Some dedicated folks did the math after Blizzard released the season patch notes and found that, on whole, the kit change is a small nerf. Even with Flash Heal included, Mercy heals 5HP less per second than she did before. That number changes a bit if you pick her Double Dose perk, which adds an extra charge of Flash Heal, but reduces its base healing by 10. Double Dose is a major perk, though, which means it’s out of reach until you’re well into a match.

The response is largely negative, at least online. Several posts on the Overwatch subreddit called Blizzard out for the changes and said Mercy is unplayable now, with dozens of comments echoing the sentiment. On Wednesday, nearly every other post on the Overwatch forum was about Mercy, including one that said she’s basically dead in a ditch now.

Image: Blizzard Entertainment via Polygon

“Literally my reaction,” the top-voted comment reads. “She was already the second worst support next to Lifeweaver, so any sort of buff would’ve at least brought her in line with other supports, but with making her single target healing even worse she can’t even keep one target alive against any damage in the game and nerfing her mobility is the cherry on top of this diarrhea sundae they’ve served her.”

Is it really such a lousy dessert, though? The numbers look damning, but I spent the evenings after season 2 launched testing Mercy to see just how these changes played out. At the end of most shorter escort matches, I averaged about 7,000 healing; after a longer control match, it was usually over 10,000. That’s largely the same as my average before the rework, but I did end up with more player saves than usual, something I can easily attribute to Flash Heal’s emergency life support. And whenever a Mercy player (myself or another) appeared in the post-match accolades voting, they’ve almost unanimously been voted MVP.

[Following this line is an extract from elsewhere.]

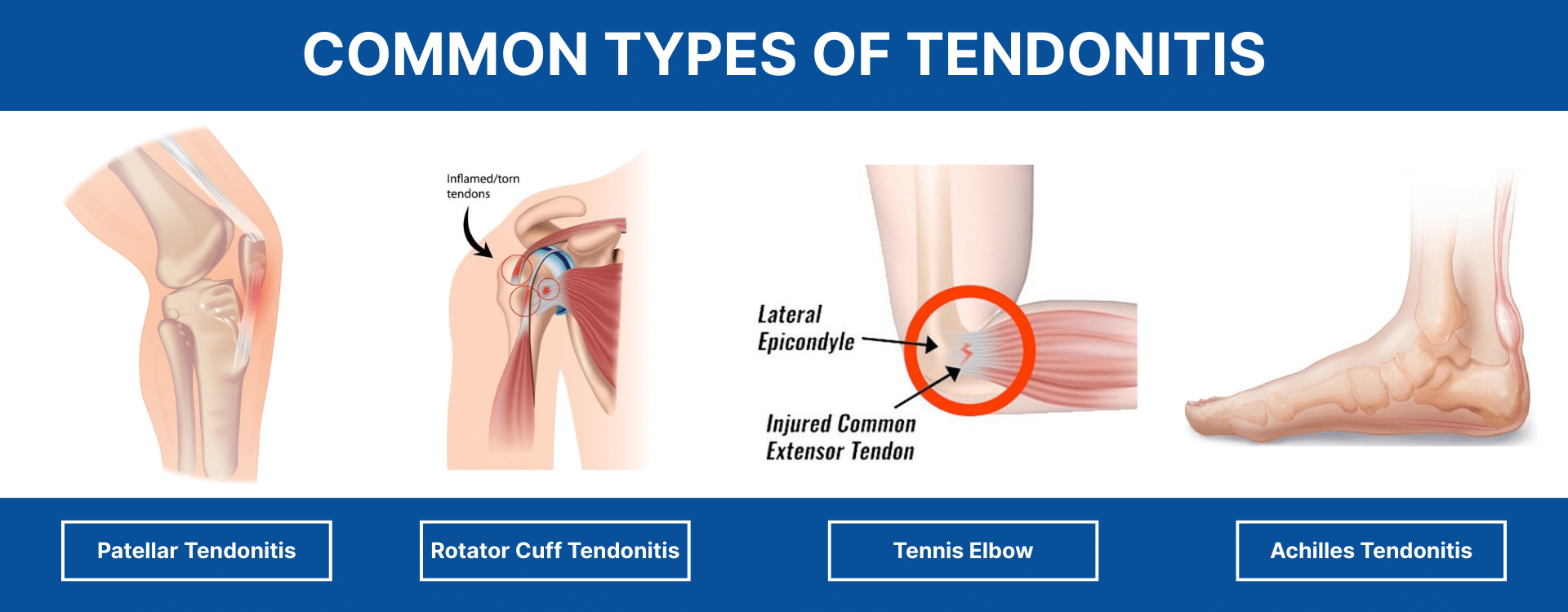 Common Types of Tendonitis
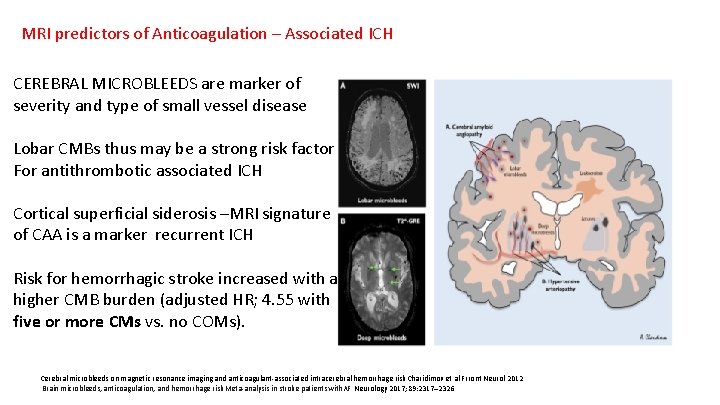 MRI predictors of Anticoagulation – Associated ICH CEREBRAL MICROBLEEDS are marker of severity and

For context, I’m a Diamond support who plays Mercy and Moira. At the highest levels or for newcomers, perhaps these changes are influential enough to completely throw off someone’s game. But for everyone else, maybe it’ll just take a bit of time to get used to. That’s understandable, since Blizzard’s communication on the subject was far from clear. The team promised “utility” following an entire season of complaints about how Mercy can’t heal enough. Naturally, folks expected “utility” to mean “healing buffs.” It turns out Blizzard really just meant utility, though so far, that’s proving to be exactly what Mercy needed.

I enjoyed the risk-reward of playing Mercy and trying to manage everyone’s health effectively, but she always felt limited compared to other healers. She could only do so much, and even before the healing reduction passive effect Blizzard introduced in season 1, where heroes taking damage receive less healing, it was often a struggle to keep targets alive. That’s not the case anymore.

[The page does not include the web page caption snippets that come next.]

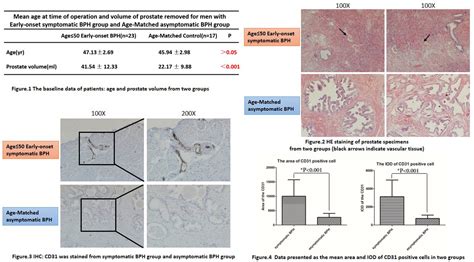 Mp Early Onset Symptomatic Bph Tissues Of Men Less Than Or Equal To Years Old Appeared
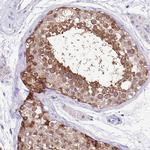 CGI58 Antibody in Immunohistochemistry (Paraffin) (IHC (P))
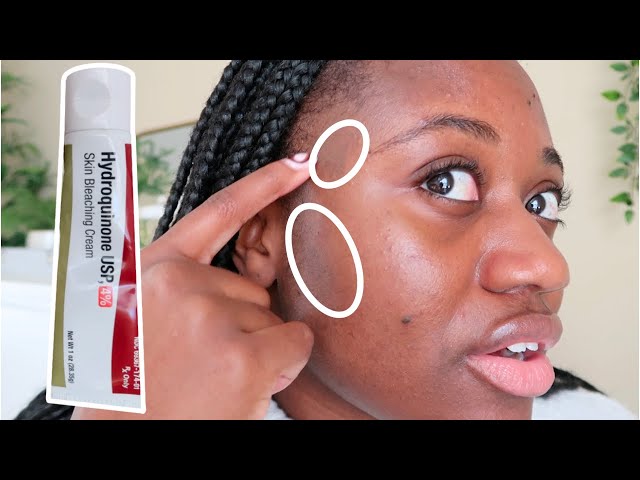 CAN HYDROQUINONE FADE HYPERPIGMENTATION?  | 3 MONTHS USING 4% HYDROQUINONE  - YouTube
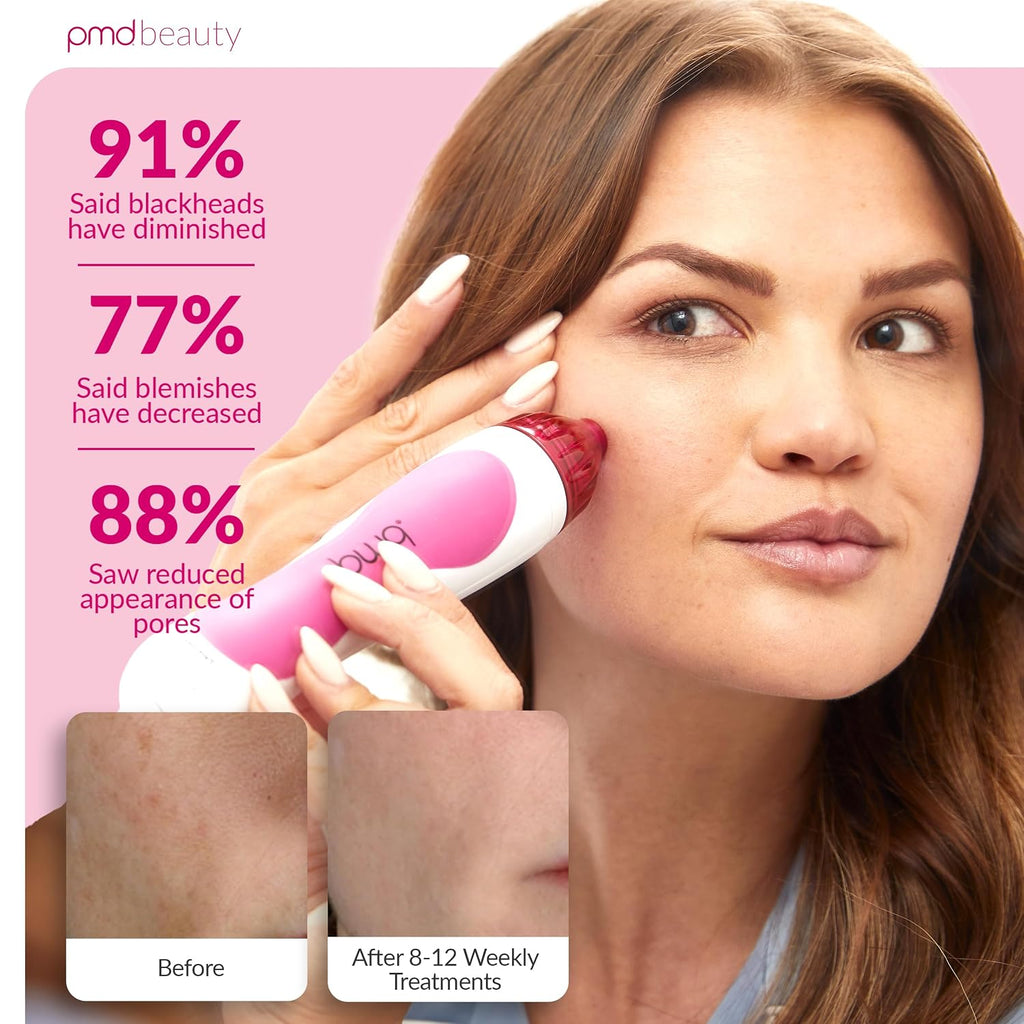PMD Beauty Personal Microderm Classic - At-Home Use, Facial Exfoliator Tool, Microdermabrasion Machine Kit for Face and Body Skincare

Mercy sustaining a team under threat in Overwatch Image: Blizzard Entertainment via Polygon

During one close-quarters encounter on Nepal’s sanctum map, for example, the opposing team trapped mine in the little hallway leading down to the objective point. I managed to fly around and stay out of danger with Guardian Angel, despite the movement nerf, and save three players in as many seconds — two with Flash Heal (thank you, Double Dose perk) and our tank by keeping the healing stream attached. Mercy couldn’t have pulled that off in the previous season.

It gives reckless dive and dive-adjacent tanks a chance to take more risks and smooths over accidental mistakes, like if a Mauga player goes rushing into enemy lines when he really shouldn’t, or when a D.Va player wants to get aggressive with rocket boosters and flies into danger. Keeping damage boost active lets them make the most of these situations. No amount of healing can fix consistently poor decision making, whether it’s 55 HP per second, 65, or 85. Nor should it. But mistakes happen, and Flash Heal gives you a shot at fixing them.

So Mercy’s rework isn’t as bad as the numbers suggest, and she’s more useful than you’d expect if you get all your information from forums. Was her movement nerf necessary? Absolutely not. (Though if we’re talking unnecessary and harmful nerfs, the reduced time on Wuyang’s Rushing Torrent is more egregious; it’s his only self-preservation skill and a major part of his identity as a mobile healer.) But the big takeaway from all this, aside from Mercy being more fun and useful, is Blizzard really needs to work on communicating its intent more clearly when the team overhauls how a character plays. More specific descriptions, some examples, plainspoken rationales — all of this would’ve set clearer expectations and avoided the issue to begin with.